··· Recorded information ···

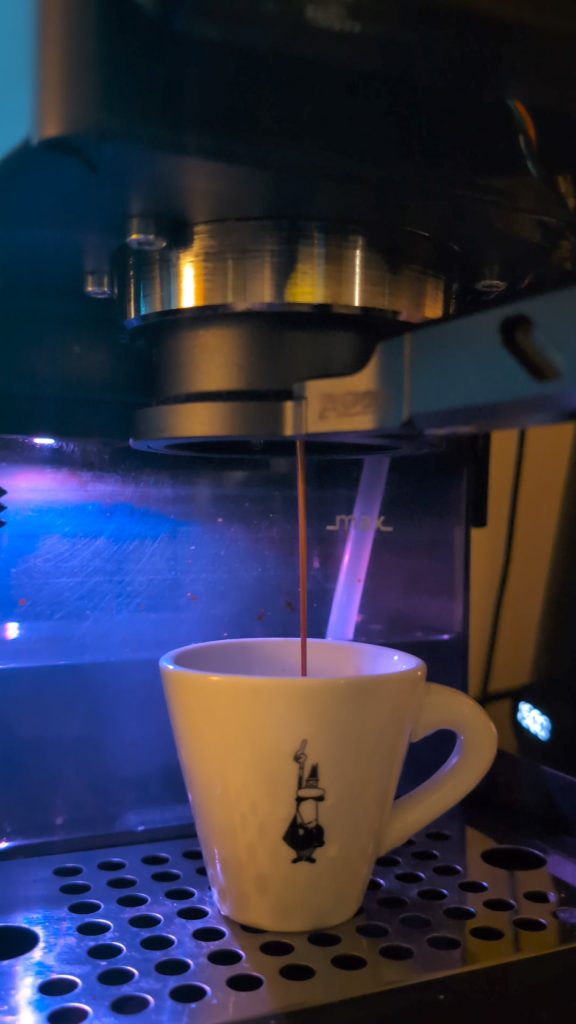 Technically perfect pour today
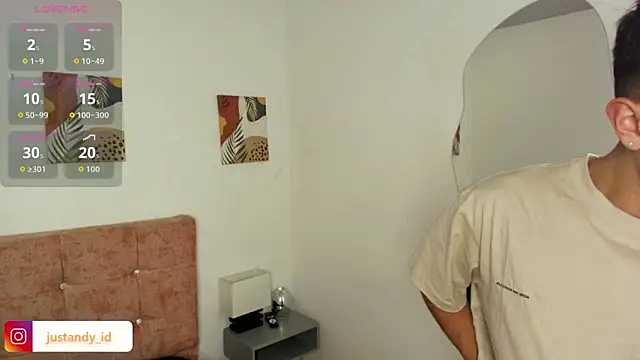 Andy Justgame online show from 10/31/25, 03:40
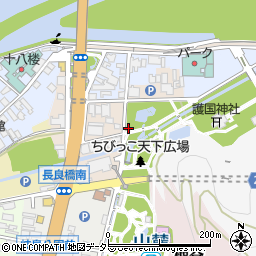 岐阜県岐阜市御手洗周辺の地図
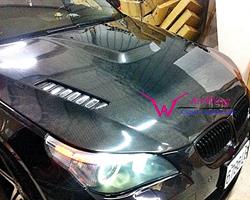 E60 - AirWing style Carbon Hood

···
··· Recorded information ···

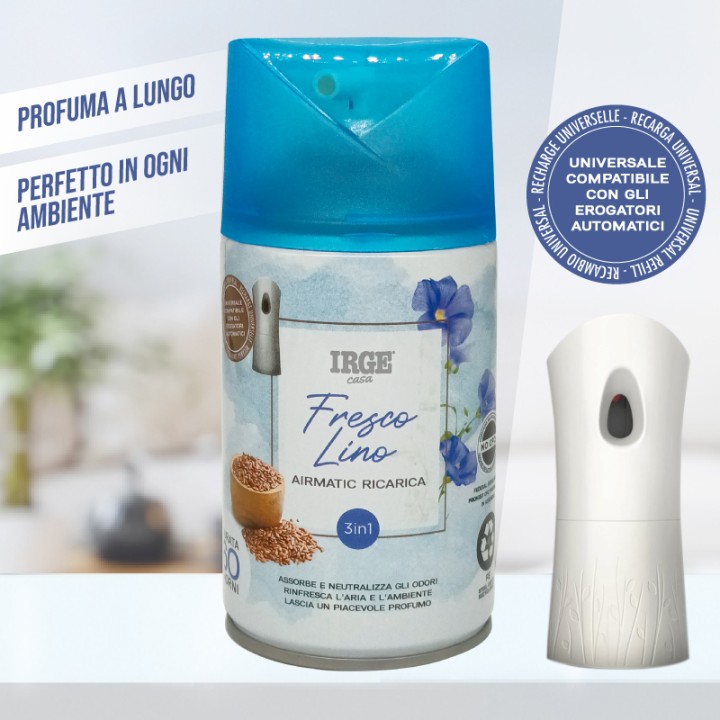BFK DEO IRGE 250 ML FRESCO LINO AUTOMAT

···

**How to complete this task:** Look above for the line with "Technically perfect pour today"; quote it and every line after it, stopping after the line with "E60 - AirWing style Carbon Hood", exactly, with nothing added and without pictures.

**Answer area:**
 Technically perfect pour today
 Andy Justgame online show from 10/31/25, 03:40
 岐阜県岐阜市御手洗周辺の地図
 E60 - AirWing style Carbon Hood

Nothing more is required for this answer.